Who knew mushrooms could be so fascinating?

In The Beauty of the Death Cap, Nikonor, the eccentric narrator, states, “I have always preferred the company of trees and mushrooms to that of my fellow humans.” That is the gist of the book. With a wry sense of humor, Nikonor takes us on a rolling journey through his life in mushrooms. He is obsessed with fungi, and has made them his life’s work. The people he meets are another story.
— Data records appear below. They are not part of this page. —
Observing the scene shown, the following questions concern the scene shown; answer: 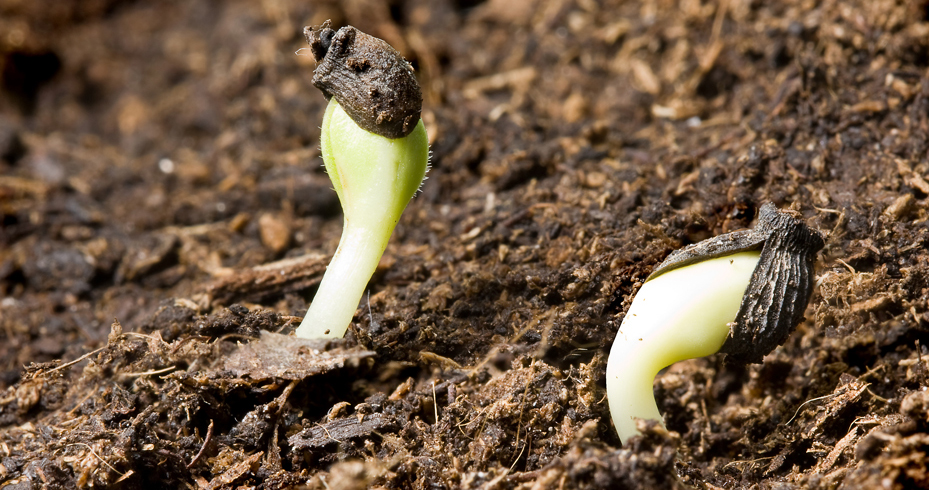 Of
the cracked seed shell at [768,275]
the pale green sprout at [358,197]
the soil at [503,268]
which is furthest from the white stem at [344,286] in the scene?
the cracked seed shell at [768,275]

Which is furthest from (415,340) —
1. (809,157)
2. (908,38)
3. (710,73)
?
(908,38)

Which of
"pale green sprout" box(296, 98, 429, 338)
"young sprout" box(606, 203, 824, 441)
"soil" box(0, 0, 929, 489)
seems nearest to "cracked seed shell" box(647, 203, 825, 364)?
"young sprout" box(606, 203, 824, 441)

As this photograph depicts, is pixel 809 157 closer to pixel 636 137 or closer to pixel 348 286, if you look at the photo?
pixel 636 137

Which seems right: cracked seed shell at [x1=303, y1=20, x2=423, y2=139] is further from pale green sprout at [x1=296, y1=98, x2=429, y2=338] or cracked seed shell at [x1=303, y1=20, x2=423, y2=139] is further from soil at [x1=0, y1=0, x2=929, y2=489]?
soil at [x1=0, y1=0, x2=929, y2=489]

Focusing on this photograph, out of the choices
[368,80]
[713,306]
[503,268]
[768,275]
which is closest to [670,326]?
[713,306]

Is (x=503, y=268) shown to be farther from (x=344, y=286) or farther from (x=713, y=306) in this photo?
(x=713, y=306) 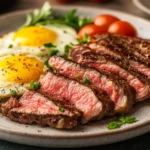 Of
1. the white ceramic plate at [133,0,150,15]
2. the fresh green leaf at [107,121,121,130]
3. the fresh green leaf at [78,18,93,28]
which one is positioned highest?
the white ceramic plate at [133,0,150,15]

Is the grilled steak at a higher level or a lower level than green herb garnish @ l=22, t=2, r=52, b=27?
higher

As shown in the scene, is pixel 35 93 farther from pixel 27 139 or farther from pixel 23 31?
pixel 23 31

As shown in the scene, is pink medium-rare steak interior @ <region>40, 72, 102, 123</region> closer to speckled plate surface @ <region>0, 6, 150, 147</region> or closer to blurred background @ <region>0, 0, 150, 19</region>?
speckled plate surface @ <region>0, 6, 150, 147</region>

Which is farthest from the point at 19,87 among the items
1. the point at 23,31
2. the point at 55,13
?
the point at 55,13

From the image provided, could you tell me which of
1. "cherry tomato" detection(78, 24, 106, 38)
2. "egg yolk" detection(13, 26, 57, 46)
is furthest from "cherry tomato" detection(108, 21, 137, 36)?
"egg yolk" detection(13, 26, 57, 46)

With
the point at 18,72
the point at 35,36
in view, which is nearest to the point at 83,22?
the point at 35,36

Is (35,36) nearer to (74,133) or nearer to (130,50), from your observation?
(130,50) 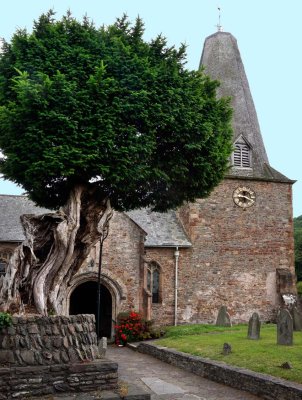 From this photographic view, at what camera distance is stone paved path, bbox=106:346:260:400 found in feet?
36.3

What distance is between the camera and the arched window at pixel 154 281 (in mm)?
24750

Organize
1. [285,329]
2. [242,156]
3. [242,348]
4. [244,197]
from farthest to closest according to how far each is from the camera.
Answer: [242,156], [244,197], [242,348], [285,329]

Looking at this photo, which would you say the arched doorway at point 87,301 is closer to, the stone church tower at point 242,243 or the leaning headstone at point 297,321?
the stone church tower at point 242,243

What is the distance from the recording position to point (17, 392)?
9047 mm

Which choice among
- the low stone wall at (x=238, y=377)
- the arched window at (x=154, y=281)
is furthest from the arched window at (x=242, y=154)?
the low stone wall at (x=238, y=377)

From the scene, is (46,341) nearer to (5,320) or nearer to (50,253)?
(5,320)

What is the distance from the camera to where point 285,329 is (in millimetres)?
14656

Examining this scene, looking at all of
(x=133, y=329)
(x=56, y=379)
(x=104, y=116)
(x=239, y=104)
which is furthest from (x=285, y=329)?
(x=239, y=104)

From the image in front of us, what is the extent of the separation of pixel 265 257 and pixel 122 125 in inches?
688

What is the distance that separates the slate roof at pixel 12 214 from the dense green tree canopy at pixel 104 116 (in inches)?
409

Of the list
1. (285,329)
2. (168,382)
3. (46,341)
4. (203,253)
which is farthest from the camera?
(203,253)

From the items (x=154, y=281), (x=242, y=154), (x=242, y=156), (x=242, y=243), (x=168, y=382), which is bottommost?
(x=168, y=382)

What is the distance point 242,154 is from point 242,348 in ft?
50.1

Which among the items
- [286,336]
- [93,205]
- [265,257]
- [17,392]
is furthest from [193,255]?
[17,392]
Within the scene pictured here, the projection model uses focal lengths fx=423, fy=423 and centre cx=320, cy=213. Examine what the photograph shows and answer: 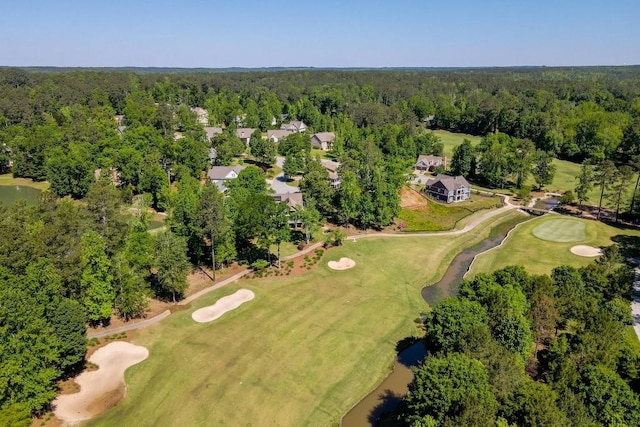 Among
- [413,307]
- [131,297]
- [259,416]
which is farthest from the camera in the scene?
[413,307]

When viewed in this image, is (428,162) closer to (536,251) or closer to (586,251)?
(536,251)

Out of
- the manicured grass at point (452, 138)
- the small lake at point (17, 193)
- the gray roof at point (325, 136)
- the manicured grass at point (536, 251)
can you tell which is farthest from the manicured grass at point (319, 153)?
the small lake at point (17, 193)

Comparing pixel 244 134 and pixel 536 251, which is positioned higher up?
pixel 244 134

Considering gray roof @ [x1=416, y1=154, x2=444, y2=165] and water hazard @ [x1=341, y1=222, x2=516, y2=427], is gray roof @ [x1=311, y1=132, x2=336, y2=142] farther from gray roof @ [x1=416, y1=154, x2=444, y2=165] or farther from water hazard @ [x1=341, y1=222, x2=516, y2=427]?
water hazard @ [x1=341, y1=222, x2=516, y2=427]

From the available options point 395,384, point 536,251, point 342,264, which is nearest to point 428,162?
point 536,251

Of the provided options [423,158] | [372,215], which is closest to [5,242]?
[372,215]

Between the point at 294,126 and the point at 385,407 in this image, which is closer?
the point at 385,407

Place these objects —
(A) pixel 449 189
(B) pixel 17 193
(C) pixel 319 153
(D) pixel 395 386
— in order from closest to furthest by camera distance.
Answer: (D) pixel 395 386, (A) pixel 449 189, (B) pixel 17 193, (C) pixel 319 153

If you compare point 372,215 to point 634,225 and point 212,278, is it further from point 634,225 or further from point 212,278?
point 634,225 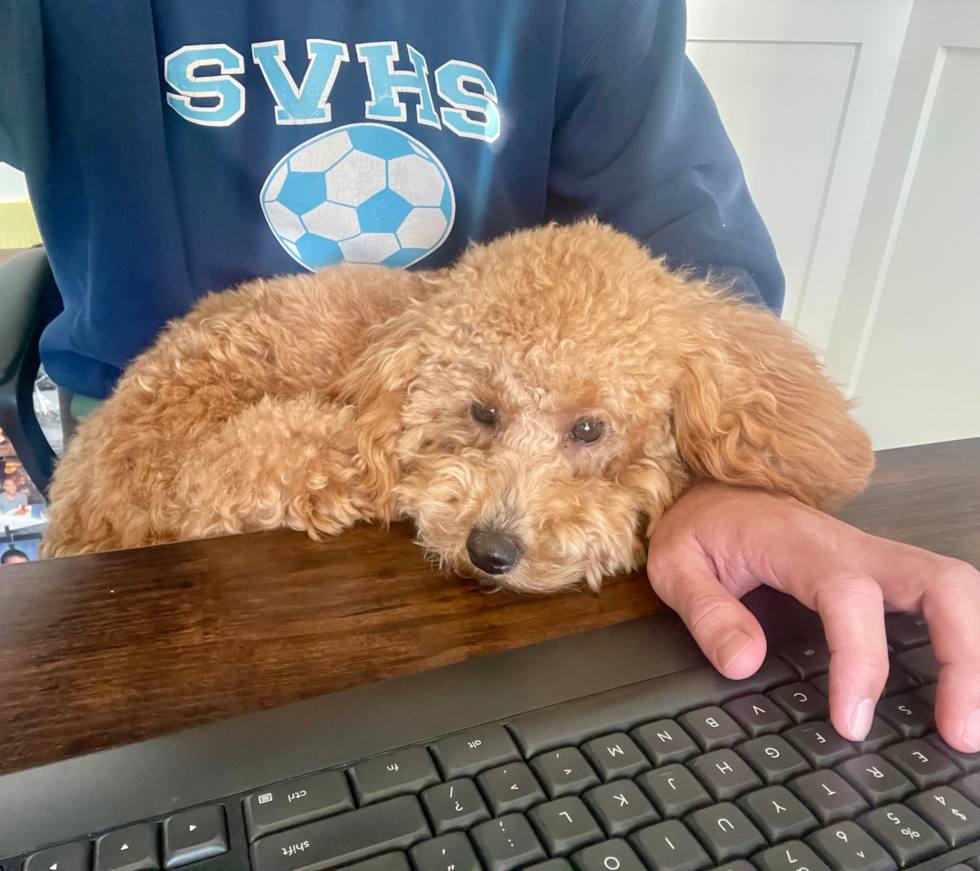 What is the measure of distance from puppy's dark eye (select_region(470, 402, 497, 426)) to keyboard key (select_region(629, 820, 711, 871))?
44 centimetres

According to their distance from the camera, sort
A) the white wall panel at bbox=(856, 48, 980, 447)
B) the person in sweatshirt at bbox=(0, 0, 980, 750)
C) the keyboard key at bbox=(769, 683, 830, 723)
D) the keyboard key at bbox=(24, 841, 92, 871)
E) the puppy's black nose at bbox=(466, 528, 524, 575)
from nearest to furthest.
Answer: 1. the keyboard key at bbox=(24, 841, 92, 871)
2. the keyboard key at bbox=(769, 683, 830, 723)
3. the puppy's black nose at bbox=(466, 528, 524, 575)
4. the person in sweatshirt at bbox=(0, 0, 980, 750)
5. the white wall panel at bbox=(856, 48, 980, 447)

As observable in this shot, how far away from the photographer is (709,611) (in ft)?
1.47

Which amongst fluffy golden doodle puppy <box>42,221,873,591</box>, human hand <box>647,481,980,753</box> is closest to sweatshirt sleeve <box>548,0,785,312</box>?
fluffy golden doodle puppy <box>42,221,873,591</box>

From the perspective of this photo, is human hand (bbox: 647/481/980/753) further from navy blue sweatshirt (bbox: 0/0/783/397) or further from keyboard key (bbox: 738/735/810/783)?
navy blue sweatshirt (bbox: 0/0/783/397)

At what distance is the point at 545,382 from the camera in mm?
667

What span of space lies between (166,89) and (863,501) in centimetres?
89

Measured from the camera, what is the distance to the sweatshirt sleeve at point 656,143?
0.92 meters

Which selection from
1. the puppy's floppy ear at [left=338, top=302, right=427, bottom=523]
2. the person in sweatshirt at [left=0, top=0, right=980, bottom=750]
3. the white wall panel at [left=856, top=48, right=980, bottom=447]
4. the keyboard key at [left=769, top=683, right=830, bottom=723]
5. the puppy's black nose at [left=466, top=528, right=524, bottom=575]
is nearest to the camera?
the keyboard key at [left=769, top=683, right=830, bottom=723]

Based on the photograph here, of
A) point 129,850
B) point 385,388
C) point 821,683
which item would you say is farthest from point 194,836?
point 385,388

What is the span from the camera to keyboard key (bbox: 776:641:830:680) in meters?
0.42

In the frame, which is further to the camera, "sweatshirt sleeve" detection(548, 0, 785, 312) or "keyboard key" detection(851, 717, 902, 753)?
"sweatshirt sleeve" detection(548, 0, 785, 312)

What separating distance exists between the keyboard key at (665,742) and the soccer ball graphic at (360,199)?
2.49 feet

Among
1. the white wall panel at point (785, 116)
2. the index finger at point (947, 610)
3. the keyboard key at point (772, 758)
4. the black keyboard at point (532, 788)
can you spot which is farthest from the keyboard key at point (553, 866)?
the white wall panel at point (785, 116)

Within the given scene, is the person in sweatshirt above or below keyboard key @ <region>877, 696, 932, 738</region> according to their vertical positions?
above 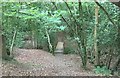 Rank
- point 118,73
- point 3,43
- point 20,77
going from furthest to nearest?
point 118,73 < point 3,43 < point 20,77

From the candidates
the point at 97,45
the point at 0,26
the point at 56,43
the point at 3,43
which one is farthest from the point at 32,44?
the point at 0,26

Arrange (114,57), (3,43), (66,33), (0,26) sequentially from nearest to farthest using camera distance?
(0,26) → (3,43) → (114,57) → (66,33)

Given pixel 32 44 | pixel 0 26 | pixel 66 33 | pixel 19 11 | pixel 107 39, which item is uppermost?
pixel 19 11

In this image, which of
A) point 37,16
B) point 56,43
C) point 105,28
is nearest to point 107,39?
point 105,28

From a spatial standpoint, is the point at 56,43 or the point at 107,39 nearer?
the point at 107,39

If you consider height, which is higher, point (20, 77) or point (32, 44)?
point (20, 77)

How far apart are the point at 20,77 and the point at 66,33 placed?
395 cm

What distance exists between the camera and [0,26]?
4.13 metres

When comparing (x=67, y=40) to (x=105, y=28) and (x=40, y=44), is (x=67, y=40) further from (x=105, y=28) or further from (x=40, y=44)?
(x=105, y=28)

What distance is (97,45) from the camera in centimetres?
600

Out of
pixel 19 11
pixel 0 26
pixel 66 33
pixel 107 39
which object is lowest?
pixel 66 33

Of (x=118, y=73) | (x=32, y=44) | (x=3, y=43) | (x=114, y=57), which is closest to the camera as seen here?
(x=3, y=43)

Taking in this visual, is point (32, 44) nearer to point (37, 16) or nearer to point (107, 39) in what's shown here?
point (107, 39)

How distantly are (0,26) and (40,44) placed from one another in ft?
13.2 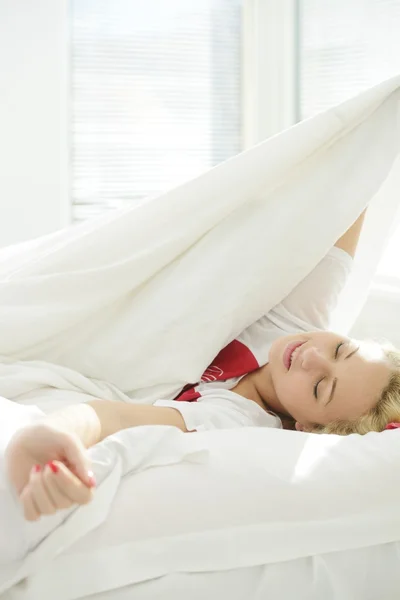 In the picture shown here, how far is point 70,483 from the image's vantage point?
77 centimetres

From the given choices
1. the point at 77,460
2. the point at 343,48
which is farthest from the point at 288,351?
the point at 343,48

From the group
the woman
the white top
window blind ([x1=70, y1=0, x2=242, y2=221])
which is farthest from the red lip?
window blind ([x1=70, y1=0, x2=242, y2=221])

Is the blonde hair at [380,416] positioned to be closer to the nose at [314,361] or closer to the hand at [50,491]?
the nose at [314,361]

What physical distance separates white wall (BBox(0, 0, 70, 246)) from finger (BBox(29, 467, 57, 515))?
8.25 feet

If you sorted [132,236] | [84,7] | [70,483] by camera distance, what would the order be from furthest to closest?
[84,7] → [132,236] → [70,483]

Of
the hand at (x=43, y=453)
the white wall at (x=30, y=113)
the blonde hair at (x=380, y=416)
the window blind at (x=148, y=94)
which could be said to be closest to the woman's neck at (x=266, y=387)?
the blonde hair at (x=380, y=416)

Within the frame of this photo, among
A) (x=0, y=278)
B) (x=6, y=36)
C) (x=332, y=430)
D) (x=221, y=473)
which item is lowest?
(x=332, y=430)

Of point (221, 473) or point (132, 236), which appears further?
point (132, 236)

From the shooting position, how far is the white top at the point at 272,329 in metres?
1.41

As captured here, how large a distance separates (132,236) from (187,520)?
2.23 feet

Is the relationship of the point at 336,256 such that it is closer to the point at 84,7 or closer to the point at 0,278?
the point at 0,278

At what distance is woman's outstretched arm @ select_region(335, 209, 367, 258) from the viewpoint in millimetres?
1573

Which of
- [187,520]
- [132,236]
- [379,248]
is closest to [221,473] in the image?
[187,520]

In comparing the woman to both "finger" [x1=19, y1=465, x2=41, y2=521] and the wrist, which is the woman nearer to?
the wrist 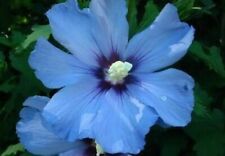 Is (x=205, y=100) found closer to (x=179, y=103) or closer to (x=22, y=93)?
(x=179, y=103)

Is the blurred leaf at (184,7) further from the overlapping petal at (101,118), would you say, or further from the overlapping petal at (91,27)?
the overlapping petal at (101,118)

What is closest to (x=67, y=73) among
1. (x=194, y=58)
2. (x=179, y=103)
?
(x=179, y=103)

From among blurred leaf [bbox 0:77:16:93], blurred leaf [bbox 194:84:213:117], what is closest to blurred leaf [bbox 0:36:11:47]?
blurred leaf [bbox 0:77:16:93]

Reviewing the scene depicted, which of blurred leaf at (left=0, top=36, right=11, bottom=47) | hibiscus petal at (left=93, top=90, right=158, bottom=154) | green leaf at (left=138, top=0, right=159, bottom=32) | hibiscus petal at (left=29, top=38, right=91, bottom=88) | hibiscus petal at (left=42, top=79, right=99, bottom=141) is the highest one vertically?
hibiscus petal at (left=29, top=38, right=91, bottom=88)

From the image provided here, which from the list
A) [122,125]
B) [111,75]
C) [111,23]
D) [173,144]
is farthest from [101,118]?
[173,144]

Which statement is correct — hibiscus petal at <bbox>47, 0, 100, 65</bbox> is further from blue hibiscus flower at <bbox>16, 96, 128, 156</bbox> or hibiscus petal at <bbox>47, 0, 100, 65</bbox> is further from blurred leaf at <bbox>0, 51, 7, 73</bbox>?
blurred leaf at <bbox>0, 51, 7, 73</bbox>

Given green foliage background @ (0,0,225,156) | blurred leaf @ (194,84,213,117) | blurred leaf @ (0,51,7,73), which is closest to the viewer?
blurred leaf @ (194,84,213,117) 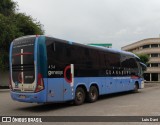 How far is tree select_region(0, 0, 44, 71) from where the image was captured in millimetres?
29125

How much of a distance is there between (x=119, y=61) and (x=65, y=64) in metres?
6.71

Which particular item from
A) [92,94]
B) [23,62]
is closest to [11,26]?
[92,94]

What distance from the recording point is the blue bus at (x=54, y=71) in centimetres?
1212

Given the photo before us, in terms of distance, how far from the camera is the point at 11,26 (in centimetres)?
2997

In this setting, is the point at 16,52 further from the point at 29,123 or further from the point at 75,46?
the point at 29,123

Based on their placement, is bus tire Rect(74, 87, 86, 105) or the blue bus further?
bus tire Rect(74, 87, 86, 105)

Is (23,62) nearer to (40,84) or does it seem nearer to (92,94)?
(40,84)

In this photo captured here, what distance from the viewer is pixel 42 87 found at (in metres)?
11.9

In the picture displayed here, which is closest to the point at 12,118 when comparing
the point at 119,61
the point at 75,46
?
the point at 75,46

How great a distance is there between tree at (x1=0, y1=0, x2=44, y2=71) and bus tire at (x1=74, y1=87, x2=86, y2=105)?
642 inches

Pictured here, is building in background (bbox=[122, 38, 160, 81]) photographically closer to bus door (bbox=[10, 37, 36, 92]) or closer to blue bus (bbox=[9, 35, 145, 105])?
blue bus (bbox=[9, 35, 145, 105])

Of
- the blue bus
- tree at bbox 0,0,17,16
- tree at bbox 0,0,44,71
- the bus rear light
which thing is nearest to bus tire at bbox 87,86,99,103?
the blue bus

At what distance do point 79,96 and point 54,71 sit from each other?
2518 mm

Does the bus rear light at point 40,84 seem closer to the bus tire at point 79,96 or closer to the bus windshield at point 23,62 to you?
the bus windshield at point 23,62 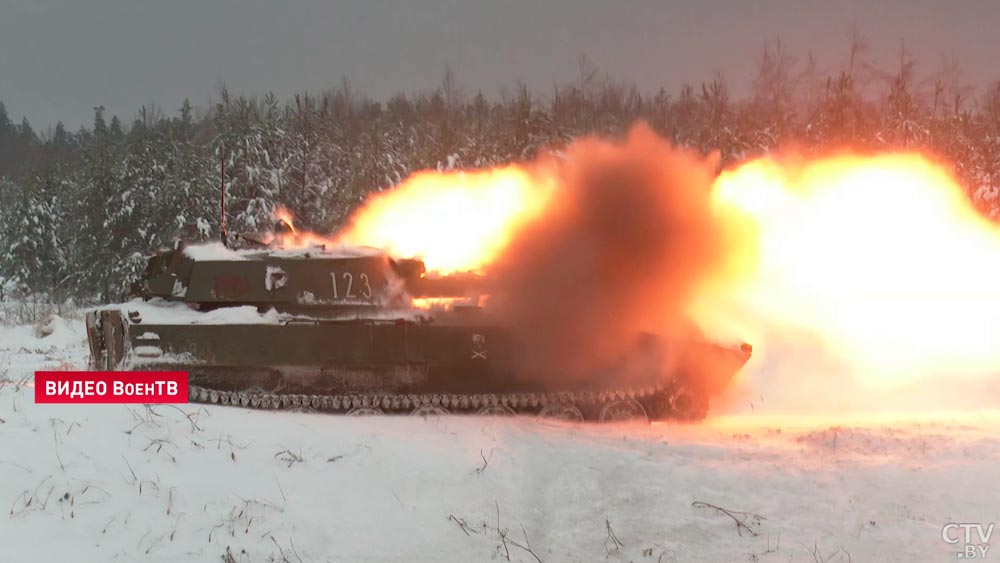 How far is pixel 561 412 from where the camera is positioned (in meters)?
9.28

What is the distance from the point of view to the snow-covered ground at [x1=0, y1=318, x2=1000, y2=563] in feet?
16.3

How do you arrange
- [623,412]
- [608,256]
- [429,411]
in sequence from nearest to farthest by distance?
1. [429,411]
2. [623,412]
3. [608,256]

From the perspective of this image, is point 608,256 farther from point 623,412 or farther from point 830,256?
point 830,256

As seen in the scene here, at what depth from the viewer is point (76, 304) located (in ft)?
126

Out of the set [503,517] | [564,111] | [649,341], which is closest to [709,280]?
[649,341]

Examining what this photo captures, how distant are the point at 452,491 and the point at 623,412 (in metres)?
3.97

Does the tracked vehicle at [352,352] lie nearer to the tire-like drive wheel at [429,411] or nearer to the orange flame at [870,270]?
the tire-like drive wheel at [429,411]

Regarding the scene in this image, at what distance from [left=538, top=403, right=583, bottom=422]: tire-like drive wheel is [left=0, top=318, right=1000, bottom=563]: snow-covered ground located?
4.22 ft

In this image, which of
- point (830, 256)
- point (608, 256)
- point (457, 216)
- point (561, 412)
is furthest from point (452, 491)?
point (830, 256)

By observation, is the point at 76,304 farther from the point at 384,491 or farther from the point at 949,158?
the point at 949,158

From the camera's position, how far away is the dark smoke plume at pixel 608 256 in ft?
31.2

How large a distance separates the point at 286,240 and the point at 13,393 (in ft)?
14.5

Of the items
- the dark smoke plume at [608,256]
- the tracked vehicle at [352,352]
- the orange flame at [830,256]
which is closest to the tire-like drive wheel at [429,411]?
the tracked vehicle at [352,352]

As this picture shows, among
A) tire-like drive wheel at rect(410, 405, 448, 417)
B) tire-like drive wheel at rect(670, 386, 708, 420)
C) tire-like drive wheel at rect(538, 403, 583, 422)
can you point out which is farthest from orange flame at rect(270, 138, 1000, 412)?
tire-like drive wheel at rect(538, 403, 583, 422) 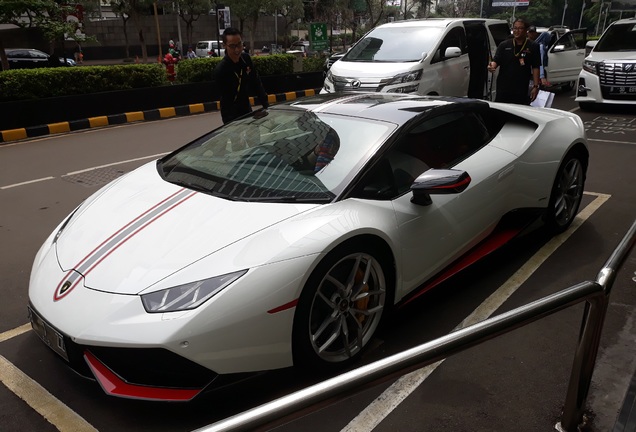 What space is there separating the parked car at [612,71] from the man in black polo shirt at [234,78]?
7801 mm

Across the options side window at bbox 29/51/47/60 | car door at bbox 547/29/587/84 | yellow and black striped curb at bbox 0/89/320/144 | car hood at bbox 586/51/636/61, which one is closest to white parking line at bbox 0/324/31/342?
yellow and black striped curb at bbox 0/89/320/144

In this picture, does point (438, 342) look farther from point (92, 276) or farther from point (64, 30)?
point (64, 30)

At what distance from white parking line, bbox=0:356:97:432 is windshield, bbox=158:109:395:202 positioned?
4.27ft

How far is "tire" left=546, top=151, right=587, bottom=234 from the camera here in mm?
4527

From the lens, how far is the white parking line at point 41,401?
2568 mm

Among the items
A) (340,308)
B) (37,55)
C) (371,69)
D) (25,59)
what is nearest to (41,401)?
(340,308)

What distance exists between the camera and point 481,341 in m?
1.73

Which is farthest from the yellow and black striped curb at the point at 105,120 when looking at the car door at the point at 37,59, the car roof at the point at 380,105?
the car door at the point at 37,59

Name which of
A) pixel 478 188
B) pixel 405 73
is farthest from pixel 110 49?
pixel 478 188

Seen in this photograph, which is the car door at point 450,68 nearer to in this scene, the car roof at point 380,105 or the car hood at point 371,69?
the car hood at point 371,69

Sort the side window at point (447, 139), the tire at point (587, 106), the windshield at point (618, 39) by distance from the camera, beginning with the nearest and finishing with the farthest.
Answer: the side window at point (447, 139)
the windshield at point (618, 39)
the tire at point (587, 106)

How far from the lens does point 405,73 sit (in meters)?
8.41

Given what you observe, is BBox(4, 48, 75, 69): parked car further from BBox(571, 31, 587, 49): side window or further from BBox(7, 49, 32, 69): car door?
BBox(571, 31, 587, 49): side window

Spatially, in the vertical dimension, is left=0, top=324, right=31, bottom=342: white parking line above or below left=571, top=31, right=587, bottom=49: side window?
below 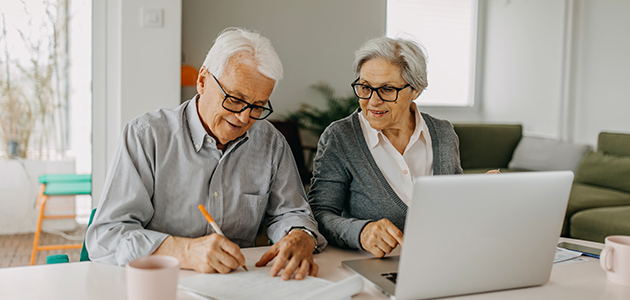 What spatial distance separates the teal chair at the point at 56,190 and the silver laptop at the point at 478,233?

Author Catherine Dousteyssier-Khoze gives us a Nabokovian narrator in Nikonor. The prose is gorgeous, with lines shifting back and forth between French and English that verge on poetry (“Encore que . . . suddenly I am seized with doubt!”). He slowly unveils a narrative, distracted along the way by tangents on everything from mushrooms to Charles Baudelaire’s missed calling as a nature poet, all with a surprisingly sharp sense of humor and a pretentious air. He speaks of death and murder as coldly and carelessly as if he were talking about picking a mushroom, musing things like, “I am a lone wolf by nature. I made the mistake of taking on a partner only once, and the attempt ended in an abject failure—one from which my associate did not recover.”

Ostensibly, Nikonor is laying out his life’s story and describing the path that led him to his crimes, but Death Cap is more about the journey than the destination. The work is verbally rich: there are descriptions of mycology that are equally poetic and scientific. Translator Tina Kover did an excellent job of capturing the language and humor of the book (you can read about her process in our Q&A with her). She blends French, English, and scientific terminology seamlessly: “All this time that mygalomorph spider has been lying in wait, crouched in some hole somewhere, watching for the right opportunity to strike, to annihilate me once and for all, une bonne fois pour toutes.”

At a slim 150 pages, Beauty of the Death Cap is a quick, engaging read. It would make an excellent holiday gift for fans of Lolita’s Humbert Humbert, or anyone who loves language and has a dry sense of humor.


The Furious Gazelle received a copy of this book in exchange for an honest review.